──────── MATERIAL FOR THE TASK

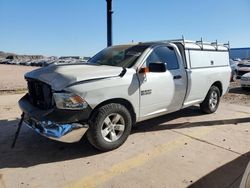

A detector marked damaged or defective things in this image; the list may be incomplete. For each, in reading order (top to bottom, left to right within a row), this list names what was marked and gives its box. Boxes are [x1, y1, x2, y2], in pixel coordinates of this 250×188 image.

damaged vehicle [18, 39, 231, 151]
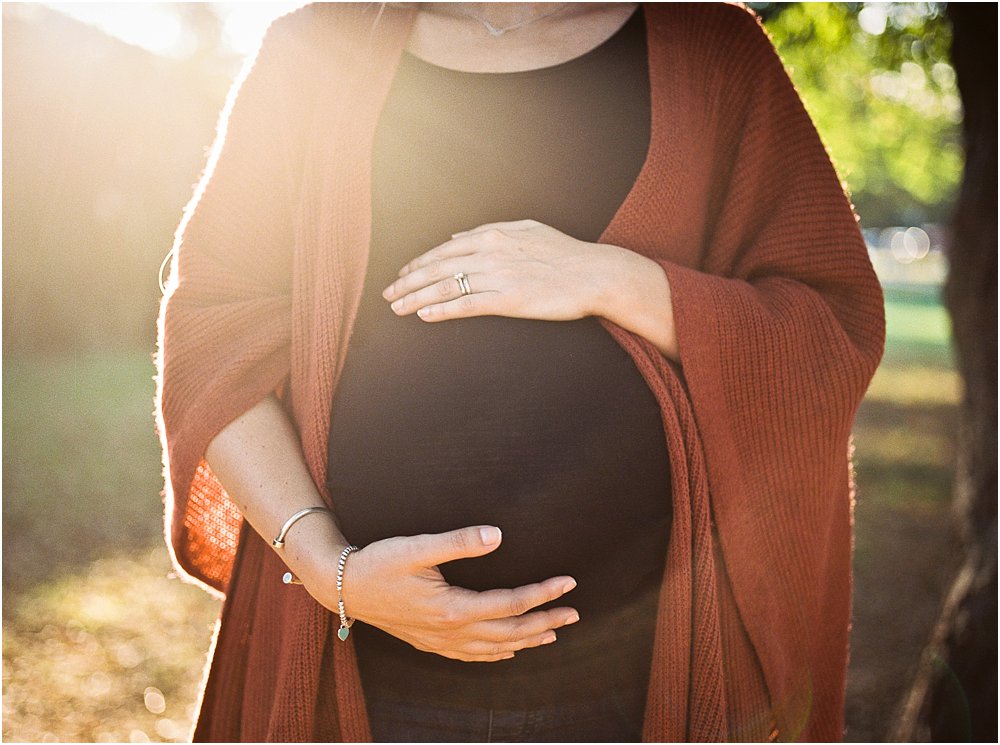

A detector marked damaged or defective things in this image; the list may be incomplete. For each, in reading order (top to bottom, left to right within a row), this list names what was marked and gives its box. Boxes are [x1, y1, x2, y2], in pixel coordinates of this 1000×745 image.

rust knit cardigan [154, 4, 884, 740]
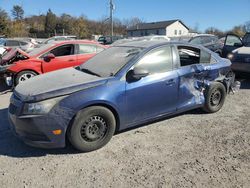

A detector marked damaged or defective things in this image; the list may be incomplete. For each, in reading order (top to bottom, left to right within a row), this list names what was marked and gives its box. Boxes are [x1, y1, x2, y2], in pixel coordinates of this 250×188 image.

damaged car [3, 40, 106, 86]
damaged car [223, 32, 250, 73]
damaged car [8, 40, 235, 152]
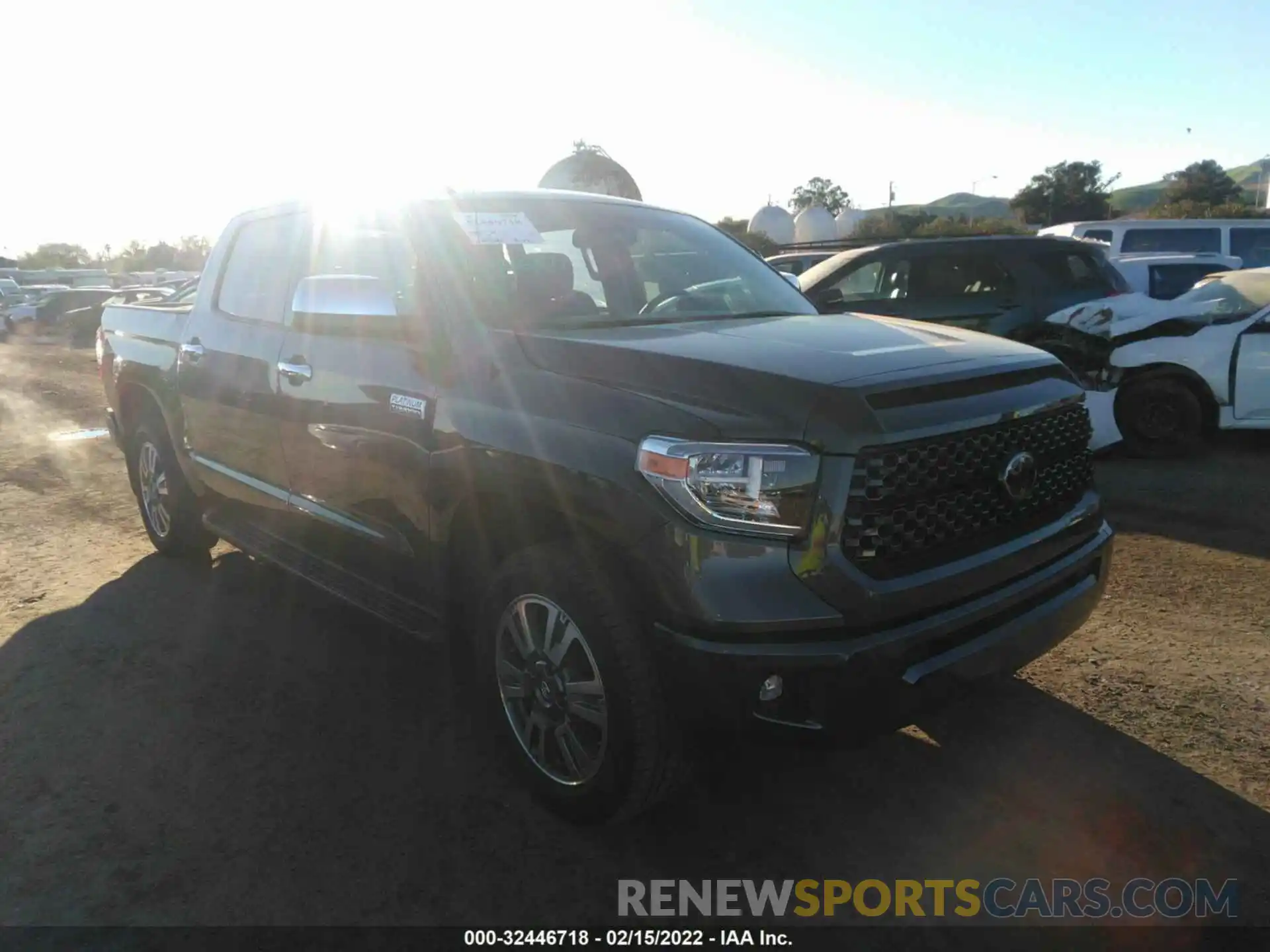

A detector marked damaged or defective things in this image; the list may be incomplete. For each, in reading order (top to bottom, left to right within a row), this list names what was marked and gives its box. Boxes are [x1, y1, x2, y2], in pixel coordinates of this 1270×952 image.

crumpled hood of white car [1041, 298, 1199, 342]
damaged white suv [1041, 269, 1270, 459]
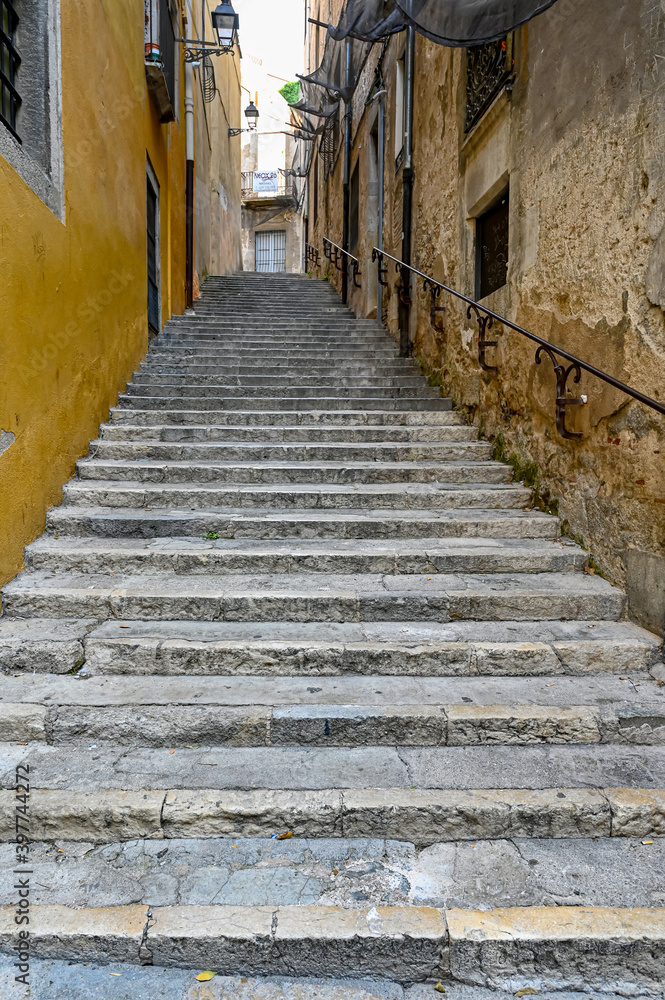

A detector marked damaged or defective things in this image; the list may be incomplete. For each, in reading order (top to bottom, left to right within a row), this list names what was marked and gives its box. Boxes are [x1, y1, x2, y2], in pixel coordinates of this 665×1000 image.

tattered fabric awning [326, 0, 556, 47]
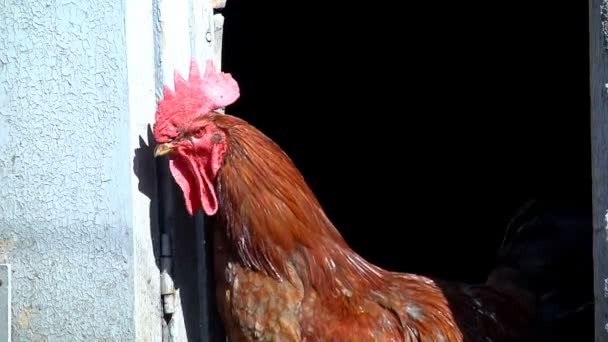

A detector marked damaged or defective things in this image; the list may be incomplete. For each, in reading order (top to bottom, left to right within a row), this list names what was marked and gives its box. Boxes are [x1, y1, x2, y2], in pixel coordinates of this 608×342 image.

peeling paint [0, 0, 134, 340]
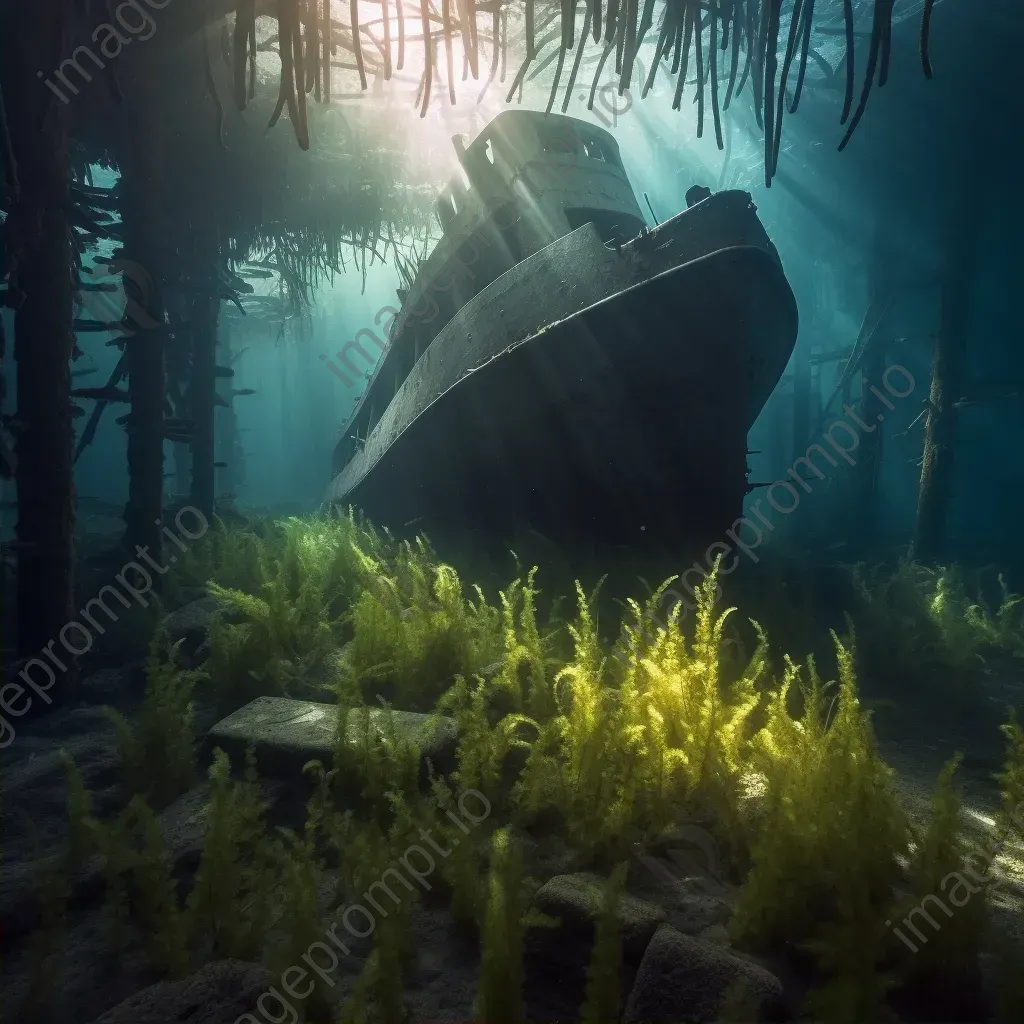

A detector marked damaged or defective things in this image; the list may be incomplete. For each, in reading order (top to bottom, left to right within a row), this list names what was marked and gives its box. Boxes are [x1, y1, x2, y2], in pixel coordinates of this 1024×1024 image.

────────────────

> [THE TASK]: An answer containing only the lines from the one holding "this 608×342 image." through the close of the entries above, reproduced exactly and stripped of pictures, is expected.

> [SOLUTION TO THIS EXERCISE]:
A detector marked damaged or defective things in this image; the list may be incomplete. For each, in reading order (top to bottom, left to right within a row), this list names what was marked and gives its box. Boxes are [x1, y1, x2, y2], in pixel coordinates of this 608×342 image.

peeling paint [0, 0, 134, 340]

A detector marked damaged or defective things in this image; the list may be incomplete. For each, in reading order (top to bottom, left to right within a row), this list names what was marked and gives its box. Boxes are [x1, y1, x2, y2], in pixel coordinates of this 1024×1024 image.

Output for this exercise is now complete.